*** DATASET EXCERPTS Section Begins ***
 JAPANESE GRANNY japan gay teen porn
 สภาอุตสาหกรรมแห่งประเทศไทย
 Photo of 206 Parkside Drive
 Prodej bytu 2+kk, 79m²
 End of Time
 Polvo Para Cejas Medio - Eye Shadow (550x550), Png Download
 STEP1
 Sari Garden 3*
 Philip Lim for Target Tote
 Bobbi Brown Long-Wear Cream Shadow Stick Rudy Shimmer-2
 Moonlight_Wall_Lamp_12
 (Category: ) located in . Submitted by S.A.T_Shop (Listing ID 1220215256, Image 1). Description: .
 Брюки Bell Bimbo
*** DATASET EXCERPTS Section Ends ***
*** DATASET EXCERPTS Section Begins ***
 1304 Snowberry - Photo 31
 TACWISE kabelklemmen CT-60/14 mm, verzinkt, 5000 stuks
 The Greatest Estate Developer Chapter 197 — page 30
*** DATASET EXCERPTS Section Ends ***
*** DATASET EXCERPTS Section Begins ***
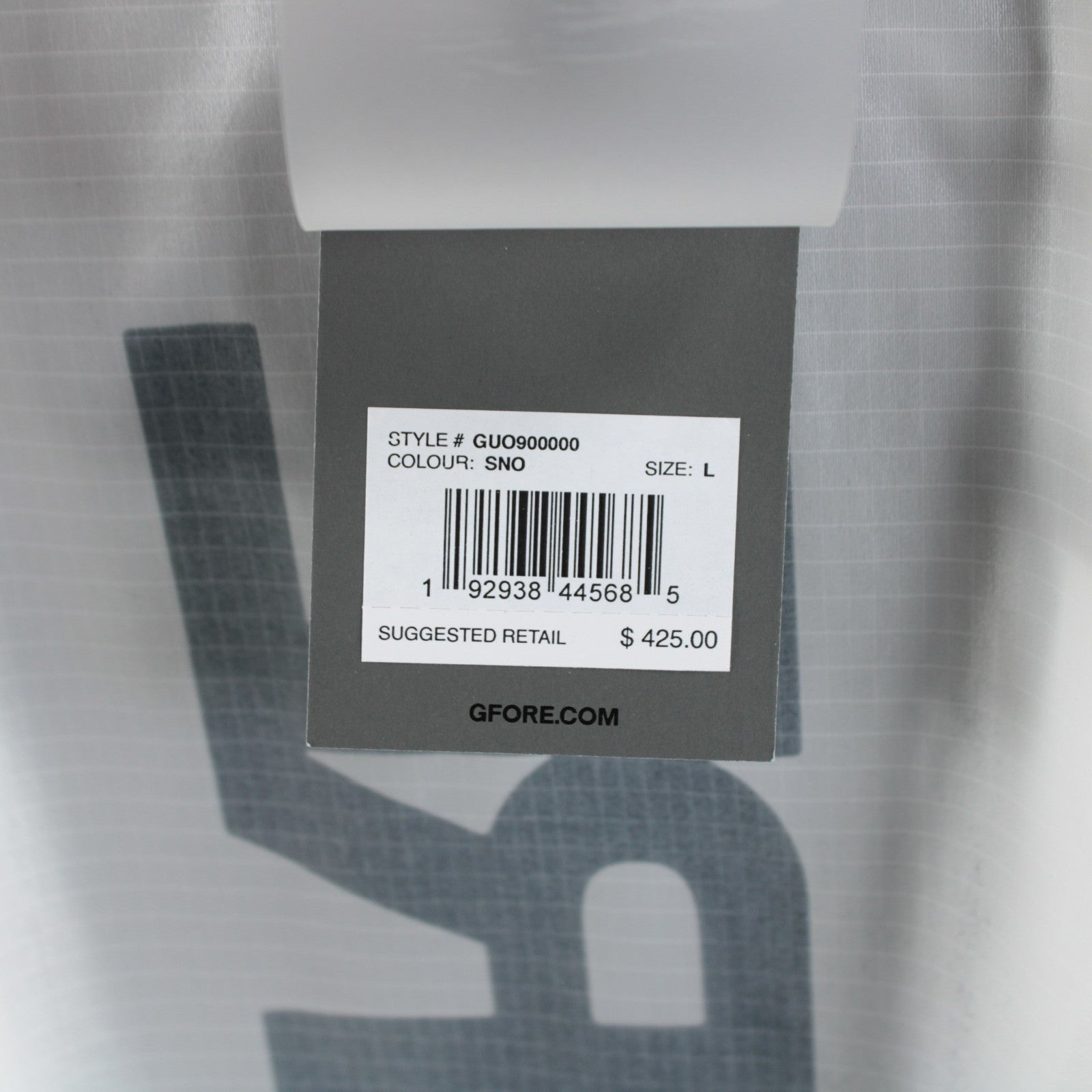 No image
*** DATASET EXCERPTS Section Ends ***
# TASK ITEM
Give back exactly the lines above, from the line containing "Philip Lim for Target Tote" through the line containing "Брюки Bell Bimbo", with both end lines and nothing more.

# YOUR RESPONSE
 Philip Lim for Target Tote
 Bobbi Brown Long-Wear Cream Shadow Stick Rudy Shimmer-2
 Moonlight_Wall_Lamp_12
 (Category: ) located in . Submitted by S.A.T_Shop (Listing ID 1220215256, Image 1). Description: .
 Брюки Bell Bimbo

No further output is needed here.